Dual role for AIR-1 in mitotic spindle assembly

July 10, 2011 –Mitotic cell division involves a critical process in which replicated chromosomes separated by spindle fibers are pulled apart into separate daughter cells. In the roundworm C. elegans, such mitotic spindles, comprising microtubules and associated proteins, are assembled through both γ-tubulin-dependent and –independent processes. Previous studies have shown that the γ-tubulin-independent microtubule assembly relies on the function of AIR-1, the C. elegans homolog of Aurora A kinase, a key regulator of numerous mitotic events. But just how AIR-1 works in this aspect of microtubule assembly remains unclear.

Kinase-active form of AIR-1, (P)-AIR-1, detected at the centrosomes as a subpopulation of the pan-AIR-1 signal

Mika Toya and others in the Laboratory for Developmental Genomics (Asako Sugimoto, Team Leader) have now deciphered AIR-1’s role. In a report published in Nature Cell Biology, the team used live cell imaging and RNAi approaches to show that AIR-1 stabilizes the spindle in a non-kinase-dependent fashion in addition to its kinase-dependent role at the centrosomes.

Toya, who has since joined the CDB Laboratory for Cellular Adhesion and Tissue Patterning, began by observing microtubules in mitotic cells in which the expression of air-1 or tbg-1 (the C. elegans γ-tubulin gene) were knocked down by RNA interference in living embryos. They found that while microtubule numbers and lengths remained roughly constant in the air-1(RNAi) embryos, these increased significantly during chromosome condensation in the tbg-1(RNAi) cells, suggesting the two mechanisms were different.

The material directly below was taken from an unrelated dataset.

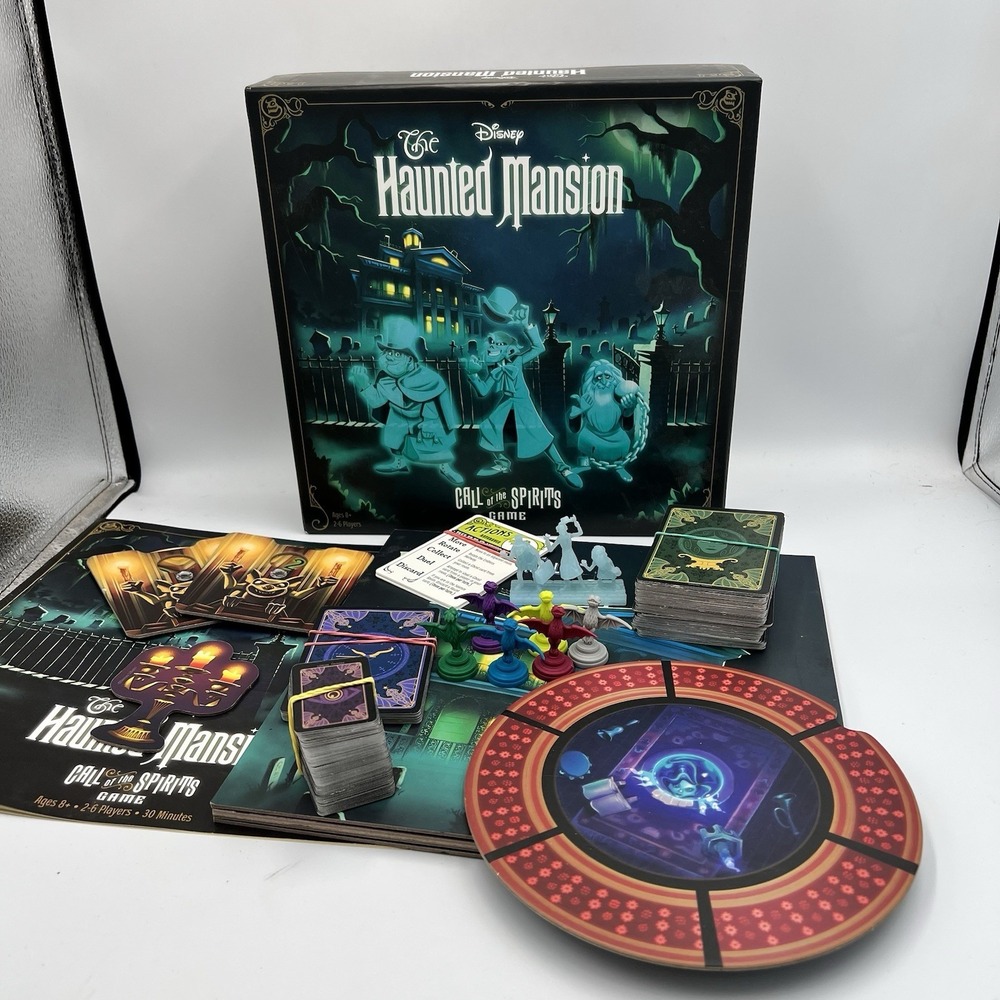 Funko Games Disney The‎ Haunted Mansion Call of the Spirits Board Game Complete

In other organisms, in addition to centrosomes (major microtubule organizing centers), condensed chromatin can trigger microtubule assembly. To determine whether this is the case in C. elegans as well, they tested air-1 and tbg-1 knockdown in embryos in which chromatin-stimulated microtubules were made readily visible, and found that while γ-tubulin appeared to play no role, loss of AIR-1 function caused microtubules to grow to shorter lengths and in fewer numbers. Immunofluorescence also showed that AIR-1 localized around condensed chromatin, but γ-tubulin was not seen in these regions.

The kinase activity of AIR-1 depends on phosphorylation of the protein at a specific site. To monitor such activity, the team developed a phospho-specific AIR-1 antibody, allowing them to specifically visualize the subpopulation of AIR-1 proteins showing kinase activity. Interestingly, the phospho-AIR-1 signal was not detected in proximity to condensed chromatin, suggesting that its kinase activity was not involved in this aspect of its function.

The team tested this idea by generating transgenic embryos that expressed the kinase-inactive form of AIR-1. Toya et al. found that while AIR-1 association with microtubules was unaffected by the absence of kinase activity, its kinase-inactive form appears to be critical for stabilizing microtubules once assembled. Kinase activity was likewise found to be dispensable for the chromatin-stimulated microtubule assembly. The association of the kinase-inactive form of AIR-1 with microtubules was regulated by levels of the wildtype protein – in the presence of wildtype AIR-1, microtubule localization of the kinase-inactive construct was reduced. Given these findings, the team speculates that the balance between active and inactive forms of AIR-1 may be important in controlling mitotic spindle assembly and behaviors.

“It will be important to investigate whether Aurora A in other organisms, including mammals, have similar kinase-independent functions,” says Sugimoto, now at Tohoku University. “We speculate that kinase-independent roles of protein kinases may be more widespread, although these have been missed in previous studies.”